Le Comité de Bâle se penche sur les rémunérations dans les banques
Comment les banques associent-elles les rémunérations de leurs collaborateurs à leurs performances? Et comment la performance à long terme est-elle prise en compte? C’est à ces questions sensibles que le Comité de Bâle souhaite répondre. L’instance de supervision bancaire a ainsi proposé hier une série de mesures destinées à améliorer la transparence du secteur dans le domaine des rémunérations. Ces propositions ont été publiées sur le site Internet du Comité de Bâle «à des fins consultatives jusqu’au 25 février 2011», explique l’instance dans son communiqué.
Le comité de supervision bancaire propose que les banques divulguent une information à la fois quantitative et qualitative sur leurs pratiques. «Le Comité estime que ces exigences supplémentaires serviront une discipline de marché efficace et permettront au marché d'évaluer la qualité des pratiques de rémunérations des banques ainsi que les incitations à la prise de risques qu’elles mettent en place», écrit-il dans son document.
En plus d’expliquer comment rémunération et performance sont liées, les banques devront dévoiler la façon dont la performance à long terme a été prise en compte lors du calcul du traitement.

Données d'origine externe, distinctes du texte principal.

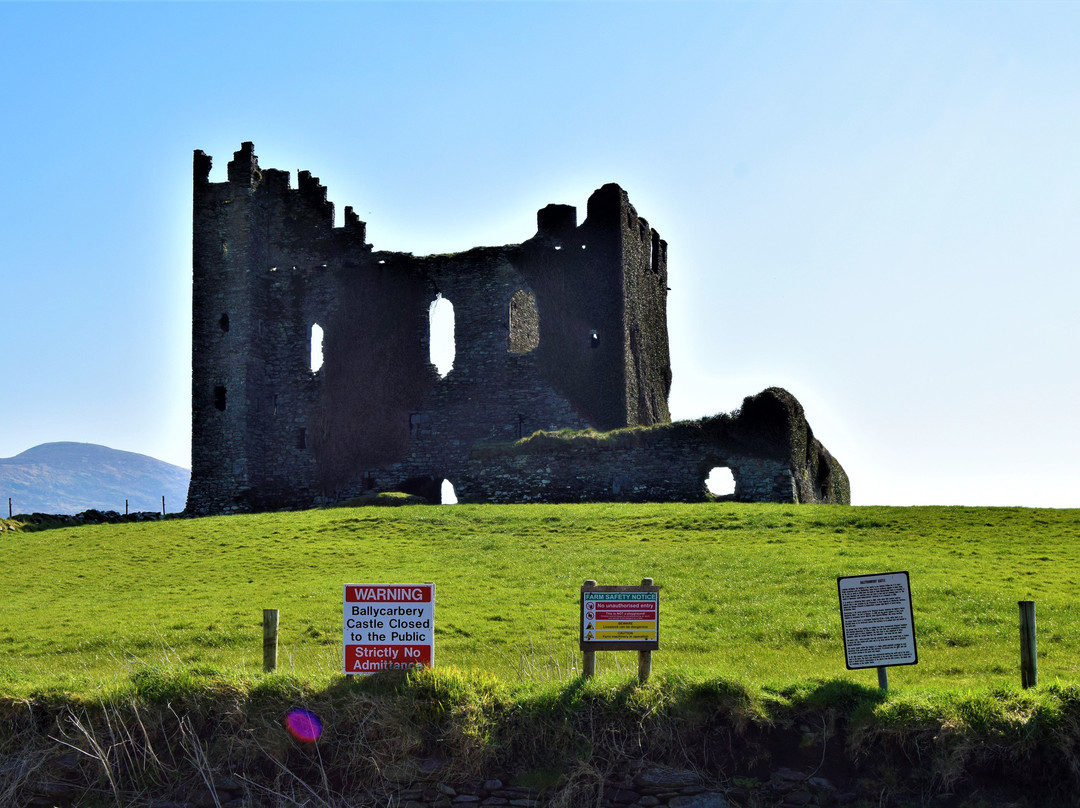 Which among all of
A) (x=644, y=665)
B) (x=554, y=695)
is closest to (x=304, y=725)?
(x=554, y=695)

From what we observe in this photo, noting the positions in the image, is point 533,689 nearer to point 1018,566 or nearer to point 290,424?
point 1018,566

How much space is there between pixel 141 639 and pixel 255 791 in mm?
6561

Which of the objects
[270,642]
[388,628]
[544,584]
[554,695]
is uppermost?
[544,584]

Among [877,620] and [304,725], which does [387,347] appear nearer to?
[304,725]

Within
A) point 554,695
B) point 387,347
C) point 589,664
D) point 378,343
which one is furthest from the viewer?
point 378,343

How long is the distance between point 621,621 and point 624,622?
0.11ft

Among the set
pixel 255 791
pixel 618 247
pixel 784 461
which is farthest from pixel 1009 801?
pixel 618 247

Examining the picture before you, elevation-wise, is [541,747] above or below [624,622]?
below

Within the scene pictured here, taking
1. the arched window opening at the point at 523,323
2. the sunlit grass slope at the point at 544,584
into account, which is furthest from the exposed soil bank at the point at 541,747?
the arched window opening at the point at 523,323

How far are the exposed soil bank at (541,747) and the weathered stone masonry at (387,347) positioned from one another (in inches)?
982

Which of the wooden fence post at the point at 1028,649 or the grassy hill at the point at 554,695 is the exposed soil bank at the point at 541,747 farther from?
the wooden fence post at the point at 1028,649

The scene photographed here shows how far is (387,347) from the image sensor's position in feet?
138

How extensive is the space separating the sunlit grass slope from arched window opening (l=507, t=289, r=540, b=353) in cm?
1254

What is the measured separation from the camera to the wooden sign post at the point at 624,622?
1161 centimetres
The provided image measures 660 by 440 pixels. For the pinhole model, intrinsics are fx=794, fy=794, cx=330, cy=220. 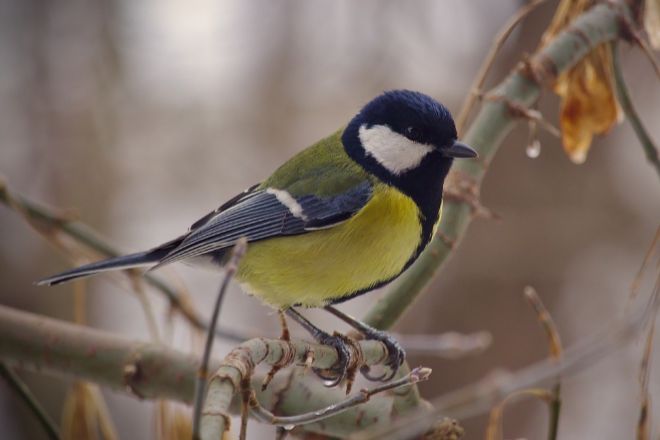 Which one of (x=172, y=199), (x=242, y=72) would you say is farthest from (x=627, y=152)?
(x=172, y=199)

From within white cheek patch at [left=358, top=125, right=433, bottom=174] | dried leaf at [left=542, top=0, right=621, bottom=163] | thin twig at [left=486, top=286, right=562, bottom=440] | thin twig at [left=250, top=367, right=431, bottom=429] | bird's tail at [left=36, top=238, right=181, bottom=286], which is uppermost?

Elle devront aussi publier le nombre et le montant total des bonus garantis payés dans l’année fiscale ainsi que le montant total des rémunérations à paiement différé. Les banques «devront publier les éléments (requis) une fois par an au minimum», propose le Comité. «Ces exigences devraient contribuer à promouvoir une plus grande convergence et cohérence en matière de publication sur les rémunérations», espère dans le communiqué Fernando Vargas, président du groupe de travail du Comité de Bâle en matière de rémunérations.
La semaine dernière, Goldman Sachs a indiqué avoir mis en place un programme qui prévoit de lier les bonus aux performances de long terme de ses collaborateurs, l’idée étant notamment de récompenser les cadres lorsqu’ils s’assurent que le groupe ne prend pas de risques inconsidérés.